The Power of Feedback
The Power of Feedback
In this multimedia series, sponsored by the William and Flora Hewlett Foundation, voices from the social sector will offer tactics, tools, and advice gleaned from the grassroots to encourage nonprofits and foundations to make listening to their constituents—and acting on what they hear—a smart norm for any organization committed to improvement.

As part of the Power of Feedback series, Stanford Social Innovation Review conducted a survey of 1,986 nonprofit, foundation, and other charitable sector leaders. The survey found that 88 percent of the leaders prioritize gathering client feedback, and 44 percent of them see it as a “high priority” or “top source of insight” for continuous program improvement.

However, the survey also showed that only 13 percent of social sector leaders believe they have been able to turn their feedback aspirations into a reality. When asked about the causes for this disparity, two-thirds of those whose organizations were not collecting client feedback stated that the greatest barrier to implementing feedback systems was limited staff time and/or resources, and 20 percent of respondents said it was “too complicated” or “too costly.”

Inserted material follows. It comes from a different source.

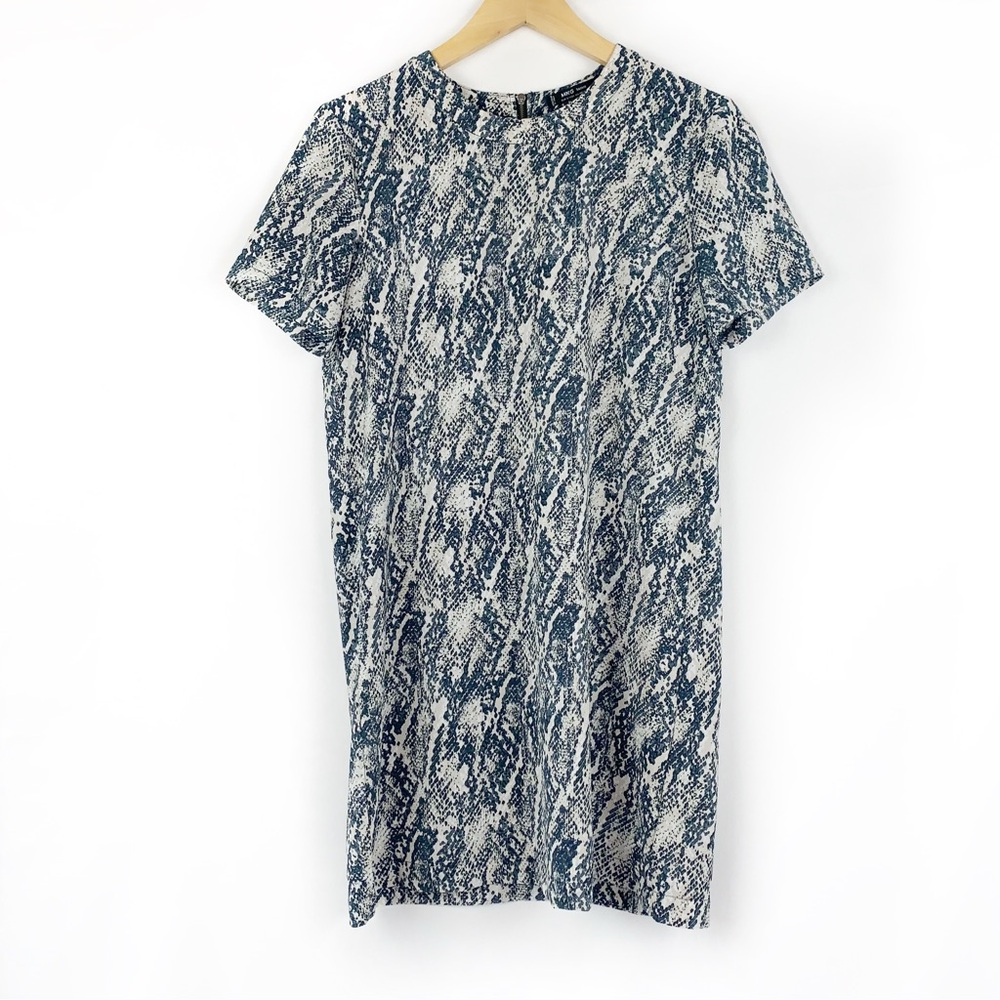 Mango MNG Reptile Animal Print Blue Tan Shift Dress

“The case for gathering feedback from the people you are trying to help seems obvious, but the practice is still rare—often for lack of resources and know-how,” said Larry Kramer, president of the William and Flora Hewlett Foundation, which is looking for ways to incorporate feedback into its own grantmaking. “We have a lot to learn, and I’m encouraged by the growing recognition among funders and nonprofits alike that listening to the people we seek to help can make us more effective. It’s the right thing to do, the smart thing to do—and, with new technology, it’s an easier thing to do.”